4. Finally I limit to 50+ years. I unset the radio button for trend, set it for duration, and set that to <50. Then I press invisible.

1. Hi Nick,

You said the overall influence of adjustments was 0.17C per century. How does that influence from adjustments compare to the overall trend per century without any adjustments? If the overall trend is positive without adjustments, then that would seem to place a lower bound on the extent of actual warming, acceptable to all.

Is there any reason (a priori) to expect the net of adjustments over all of Australia to be on average in one direction rather than the other? (eg. conscious re-siting to locations with reduced UHI effects, or replacement of older instrumentation with newer, or routine re-siting of stations to airports, etc.) Unless there is an identifiable underlying cause (or causes), someone might reasonably expect the adjustments to average very close to zero.

Steve Fitzpatrick

1. Steve
"Is there any reason (a priori) to expect the net of adjustments over all of Australia to be on average in one direction rather than the other?"
What is normally cited is the tendency of locations to move out of mid-town, often to airports. There is also change to MMTS. ROW doesn't have an explicit TOBS adjustment, because it isn't documented, and probably didn't happen nearly as much. But to the extent it did, it will show up in homogenisation. I look at some of that here.

2. Steve Fitzpatrick, yes there are many sources that may make the trend smaller. You do not hear much about them on the blogs and also scientists did not study them much, because they were mostly interested in detection of climate change and thus in the lower limit.

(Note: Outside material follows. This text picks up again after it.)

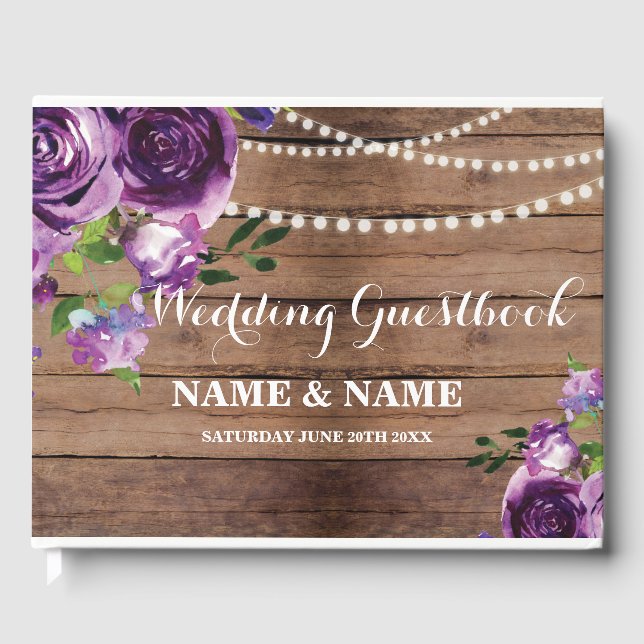 Wedding Guest Book Floral Purple Flowers Wood (Front)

A better explanation of these cooling biases is high on my list of upcoming posts, but here are some as key words: Old quicksilver thermometers could not measure below -39°C (freeze) modern alcohol ones can (not the biggest problem in Australia I guess :-) ), relocations of urban stations to (irrigated) suburban areas or (irrigated) rural areas or airports largely outside of the UHI (this causes a bias as many stations started within the UHI), more in general in Austria (not Australia) a deurbanisation of the network was found by Reinhard Böhm (possibly because with the interest in climate change, accurate measurements became more important; the interest in climate change may also have improved painting & cleaning schedules), irrigation may also lead to cooling biases for rural stations, there have been changes in the shelters that protect the instrument from the sun and heat radiation from the soil (generally this protection has improved (measurements in the 19th century were warm biased) and the error may also been decrease due to the introduction of mechanically ventilated automatic weather stations). The time of observation bias (TOBS) is a bias of 0.2°C in the USA; it is expected not to be a bias world wide.

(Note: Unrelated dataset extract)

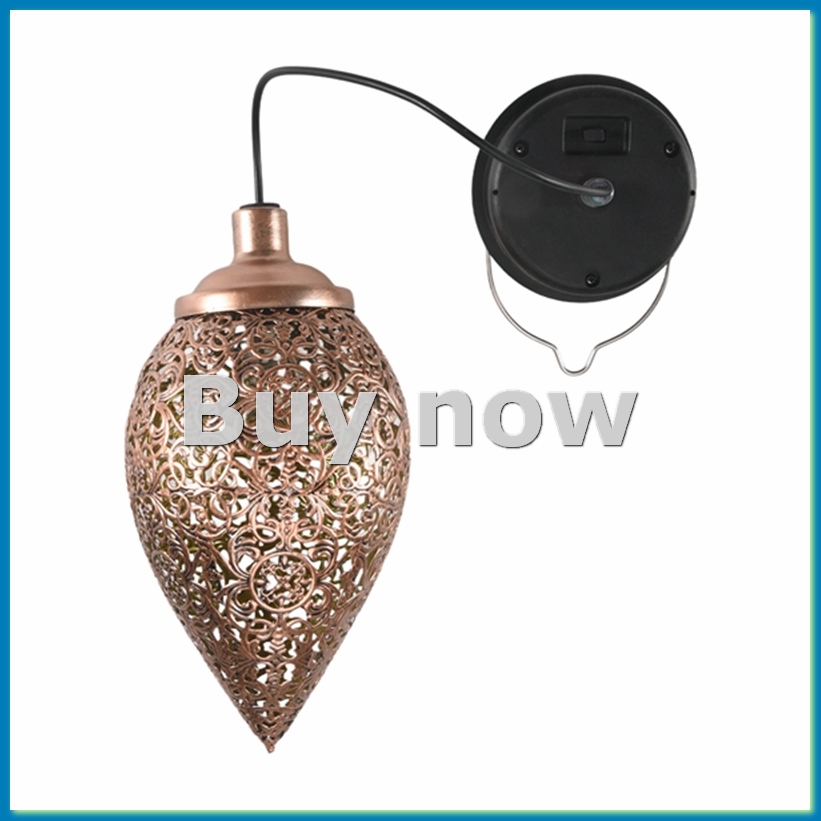 Solar Lantern Hanging - โคมไฟแขวน LED พลังงานแสงอาทิตย์สไตล์โมร็อกโก โคมไฟฉายลายโมร็อกโกแบบย้อนยุค ตกแต่งสวนกลางแจ้ง ชุดไฟประดับตกแต่ง-ABHG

For exposure improvements due to transition to Stevenson screens, relocations to suburbs there is good evidence, even if too little to quantify. For relocations to airports and deurbanisation there is some evidence. Most of the above possible sources of bias have unfortunately not been investigated and should thus be considered speculative, we cannot quantify their importance. I think it's a travesty we can't because we only had eye for the warming biases.

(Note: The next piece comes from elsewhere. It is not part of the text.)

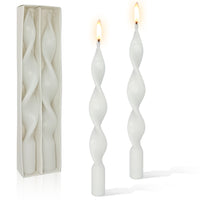 10 Inch Handmade White Spiral Taper Candles, Pack of 2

2. Steve---one mechanism is the moving of stations from urban to more rural locations. This produces a "saw-tooth" like modulation in the otherwise smooth temperature trend. Obviously the point you raise is a good one, because we should verify with meta-data, when available, that we understand the origin of the particular corrections that are being made.

Nick,as you know, I've become interested in the question of spatial smearing associated with the homogenization process. This is in relationship to some issues that Brandon Shollenberger originally uncovered with respect the Berkeley Earth project.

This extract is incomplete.